Supplied material below:

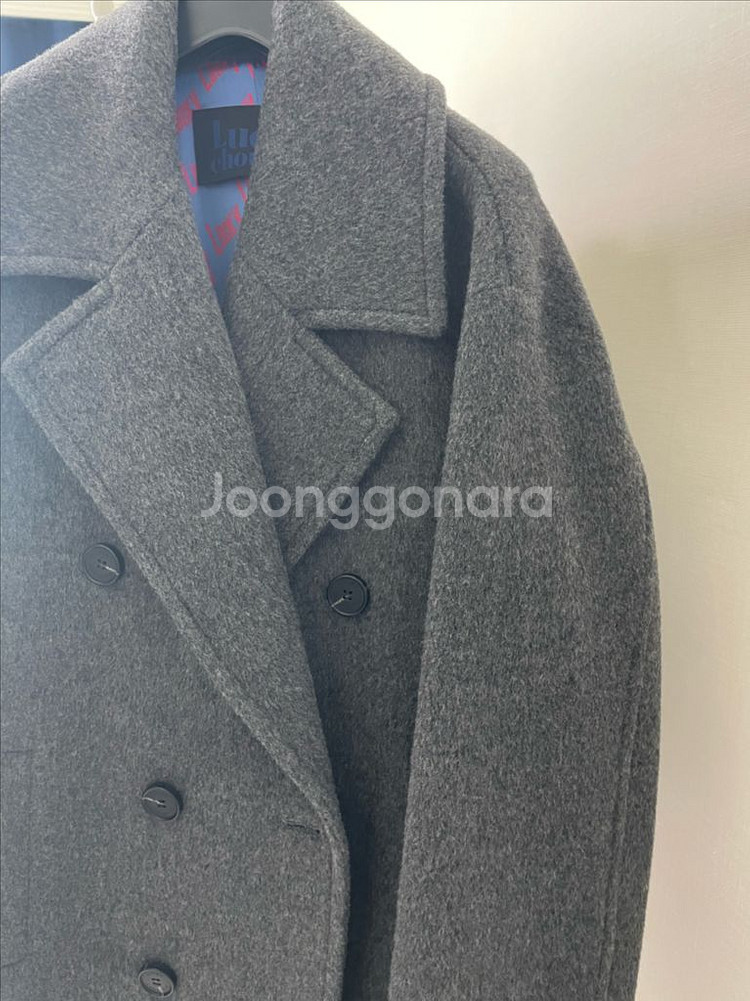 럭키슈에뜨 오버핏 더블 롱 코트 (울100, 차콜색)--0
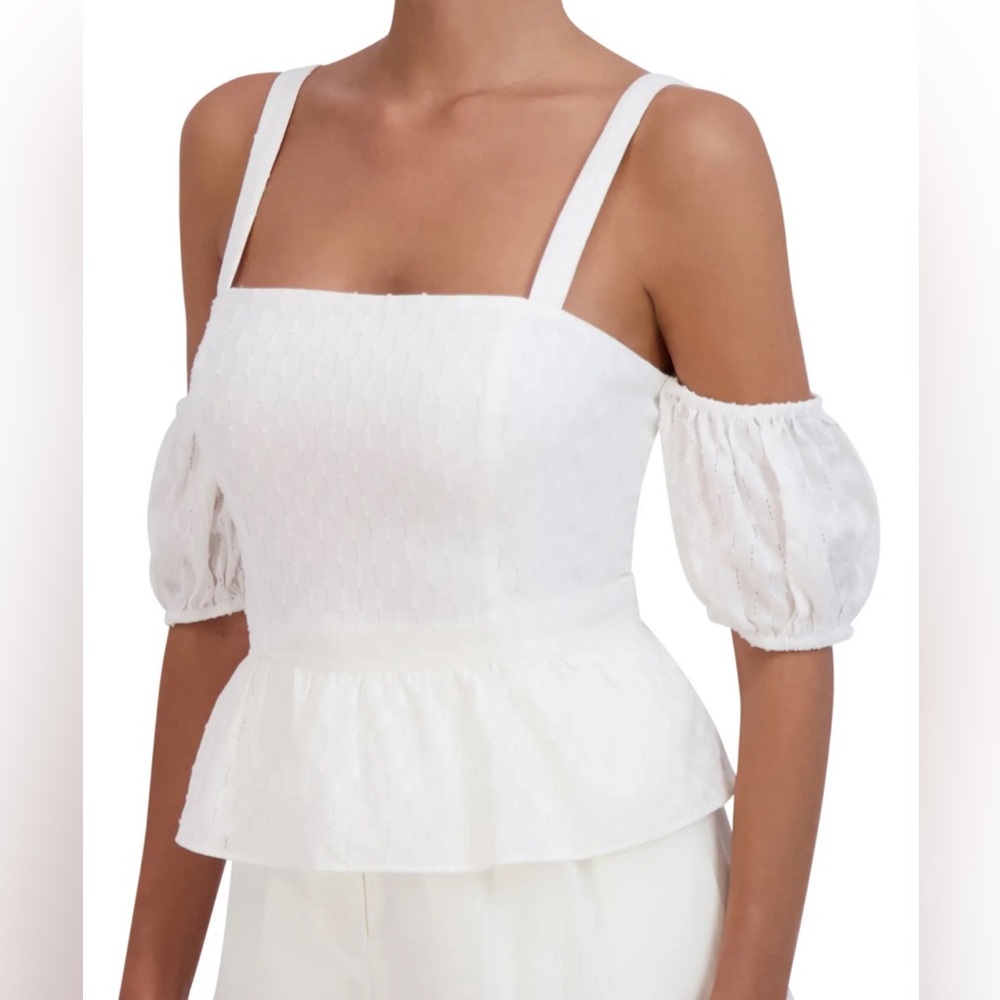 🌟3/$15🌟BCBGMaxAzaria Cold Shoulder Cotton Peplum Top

End of Supplied material.
Supplied material below:

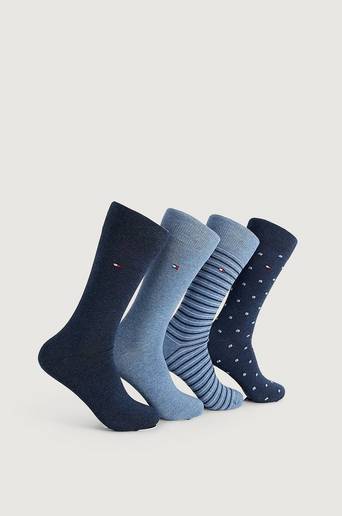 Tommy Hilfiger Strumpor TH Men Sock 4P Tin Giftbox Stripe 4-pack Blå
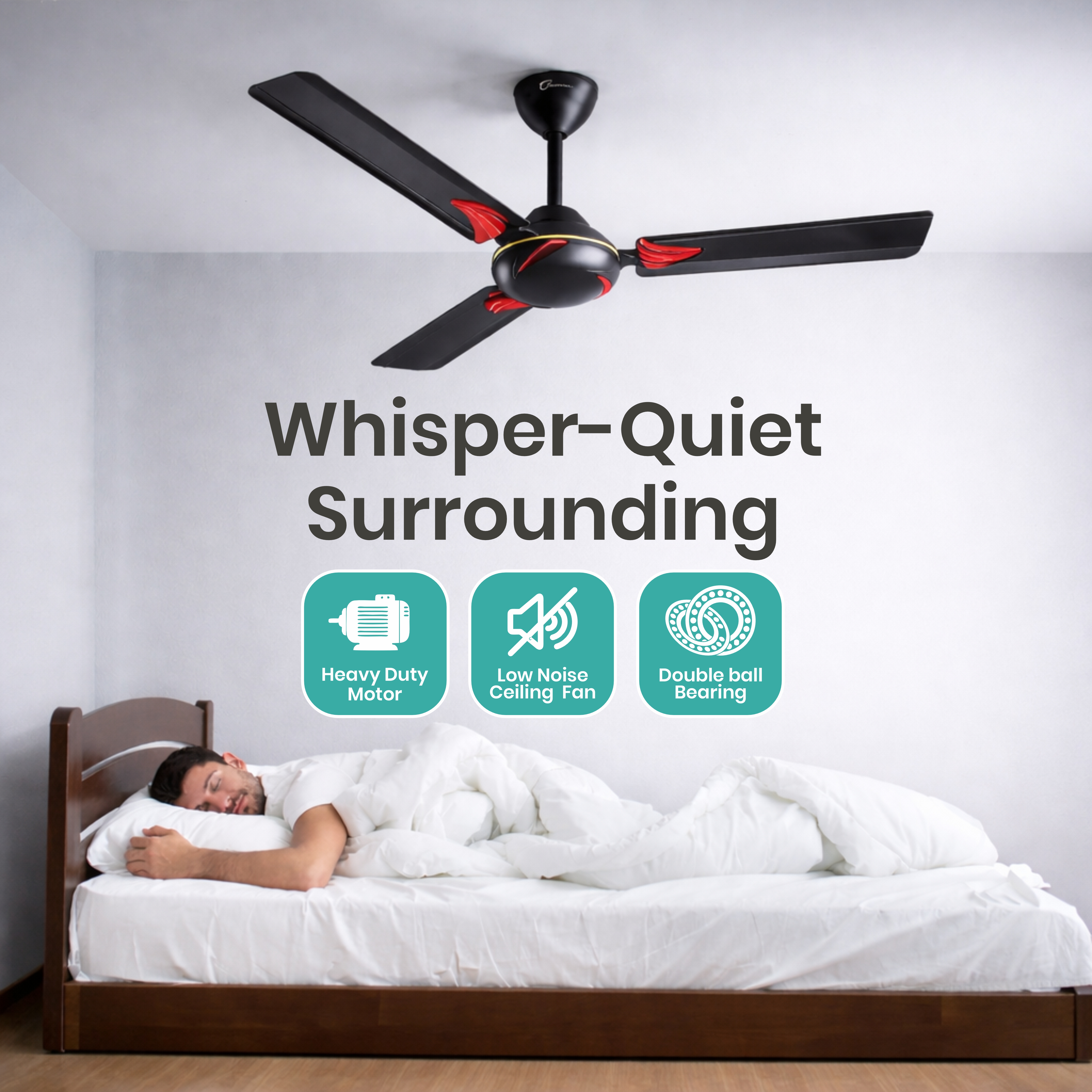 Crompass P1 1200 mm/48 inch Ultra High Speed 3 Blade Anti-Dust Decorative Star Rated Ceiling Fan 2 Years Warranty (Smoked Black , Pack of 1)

End of Supplied material.
Supplied material below:

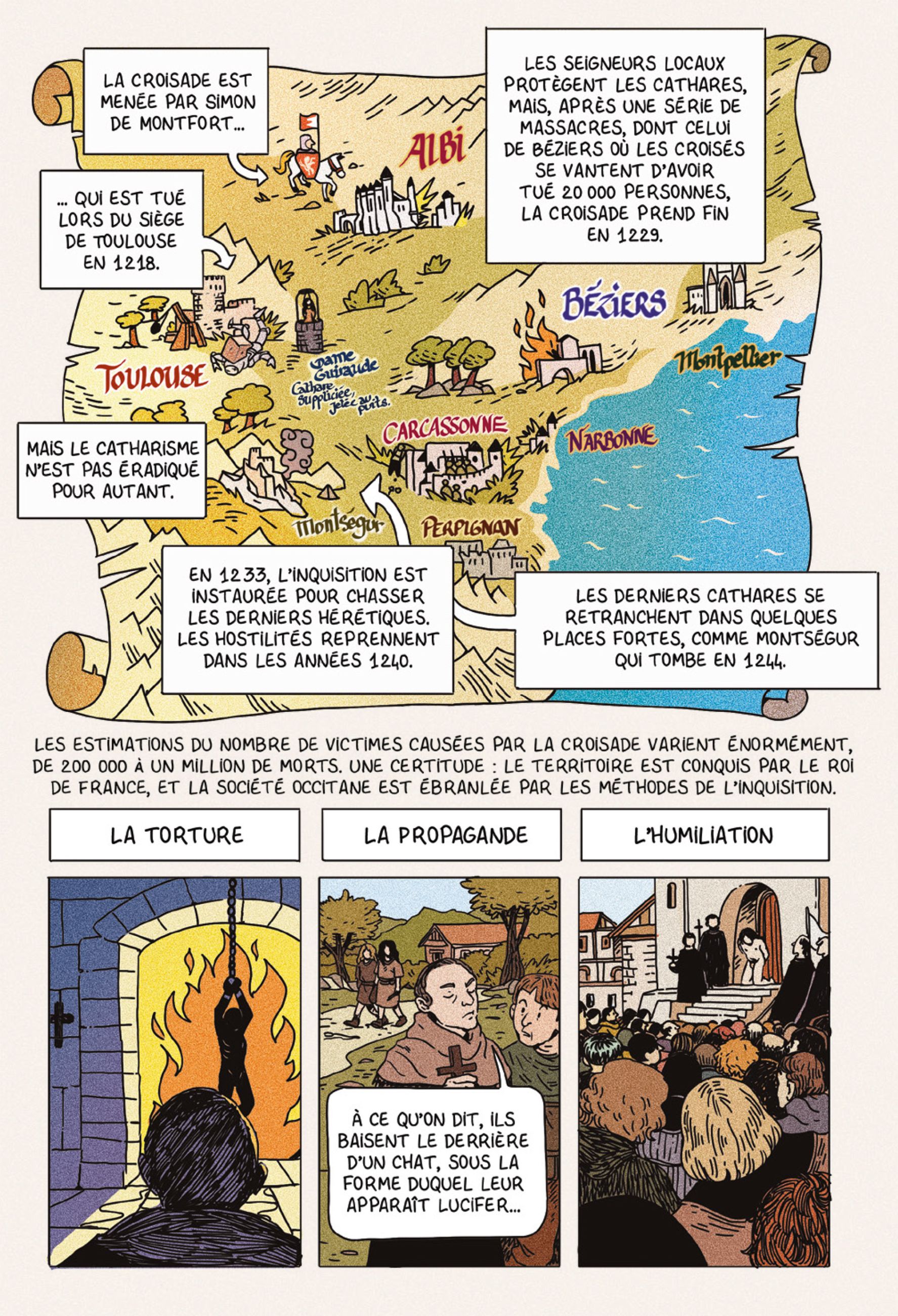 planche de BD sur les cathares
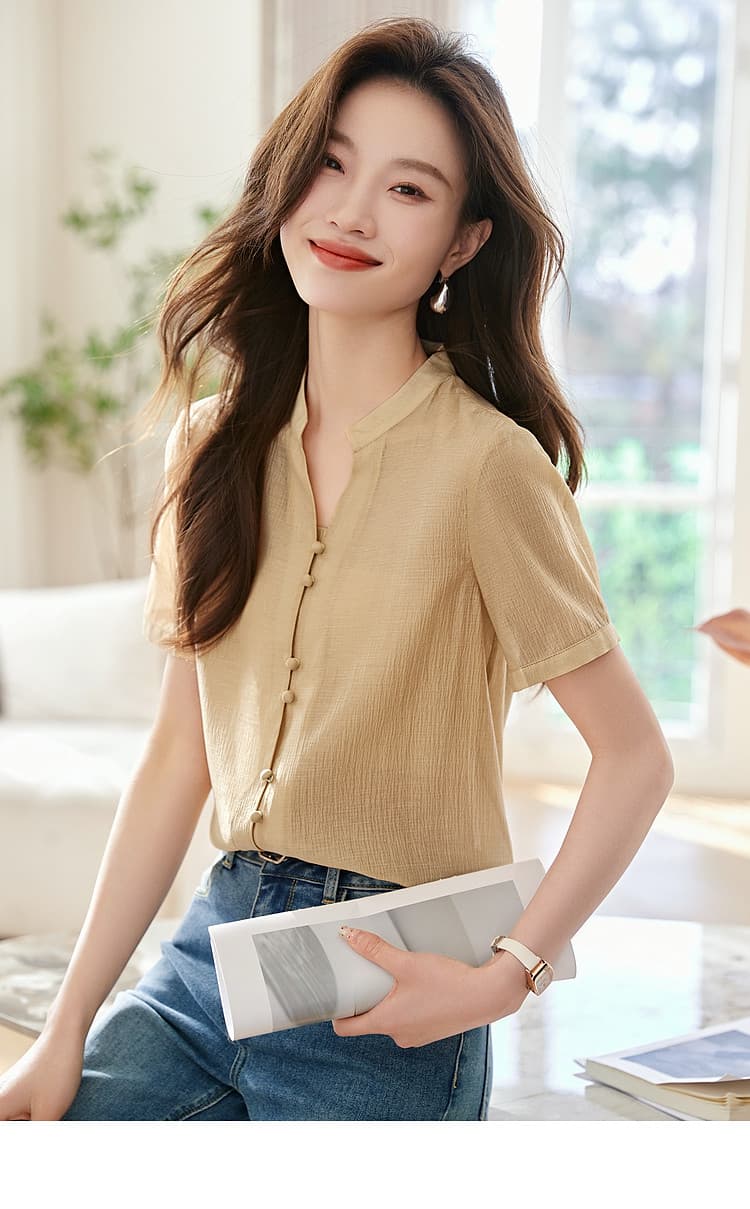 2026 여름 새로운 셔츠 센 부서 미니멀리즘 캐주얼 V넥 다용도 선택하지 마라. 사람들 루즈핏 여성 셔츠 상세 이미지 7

End of Supplied material.

### Directions for this task
Go to the line above that contains "럭키슈에뜨 오버핏 더블 롱 코트 (울100, 차콜색)--0" and reproduce everything exactly from there through the line that contains "Cotton Peplum Top", leaving out the pictures.

### Result of the task
 럭키슈에뜨 오버핏 더블 롱 코트 (울100, 차콜색)--0
 🌟3/$15🌟BCBGMaxAzaria Cold Shoulder Cotton Peplum Top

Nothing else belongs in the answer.